LONDON — HSBC Holdings PLC Monday posted a 2011 net profit of $16.8 billion, boosted by a strong commercial banking performance and accounting gains on its own debt that helped offset weaker investment banking returns.
HSBC said 2011 pretax profit was $21.9 billion, up 15% on 2010, when it made a $19 billion pretax profit. HSBC had reported a $13.2 billion net profit in 2010. Subtracting dividend payable on preference shares and coupon payable on capital securities, 2011 net profit was $16.2 billion, up from $12.7 billion and in line with analyst estimates.
The results, however, were dulled by a 24% fall in pretax profit at the group's investment banking division to $7 billion, hit by the effects of the euro-zone crisis. Costs also rose 10% on higher wages to staff in fast-growing emerging markets, restructuring costs and one-off payments that included a U.K bank levy.
Globally, most banks with large investment banking operations reported weaker results in those businesses for the fourth quarter as uncertain markets and the euro-zone crisis kept many customers on the sidelines. HSBC's underlying profit before tax--which strips out a number of one-time factors including acquisitions and fair value of own debt--was down 6% to $17.1 billion.

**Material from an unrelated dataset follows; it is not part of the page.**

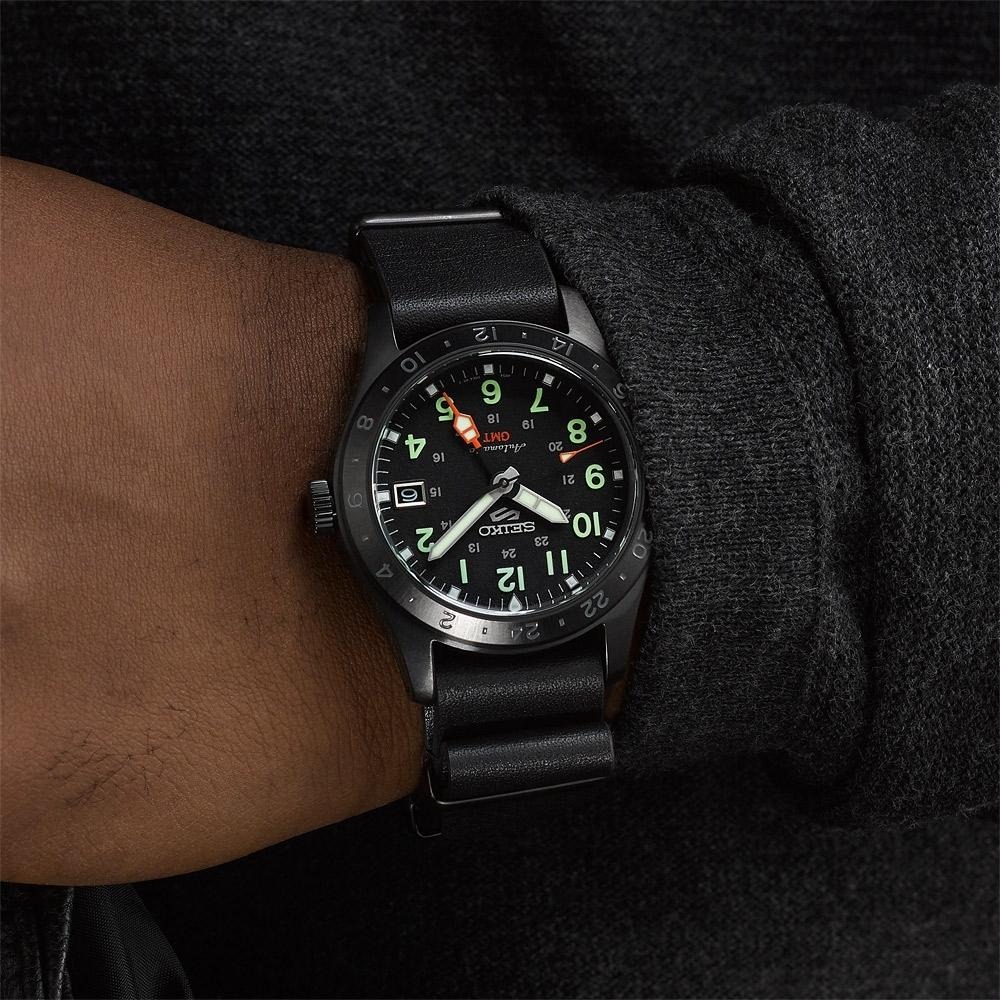 SEIKO 5 Sports 精工 GMT機械腕錶 SSK025K1/4R34-00C0C-細節圖5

Those setbacks were in part offset by a strong performance of the group's commercial banking division, which lends money to businesses. The division saw pretax profits increase 31% to $7.9 billion, helped in part by booming demand for loans and other financial products in India and China, said Alan Keir, the global head of HSBC's commercial banking division.
So far, Keir told Dow Jones Newswires, 2012 "has started very well ... [In the commercial banking division] there has been a good performance across all markets." Despite growing demand, the group is unlikely to bolster the division by with any acquisitions, he said.
HSBC's results were also spurred by a $3.9 billion gain on the fair value of its own debt, after a small write-down the previous year. Banks are allowed to take gains based on the lower value their own debt, given that it would theoretically make it cheaper to repurchase.
HSBC is nine months into a major revamp of its global operations under Chief Executive Stuart Gulliver that includes around 30,000 job cuts, a retreat in some countries from retail banking and an effort to attract more wealthy customers. So far, it has disposed of its U.S. credit-card business and a 195-branch network in upstate New York, agreed to sell its Canadian retail brokerage, and exited retail banking in Russia, Chile and Poland.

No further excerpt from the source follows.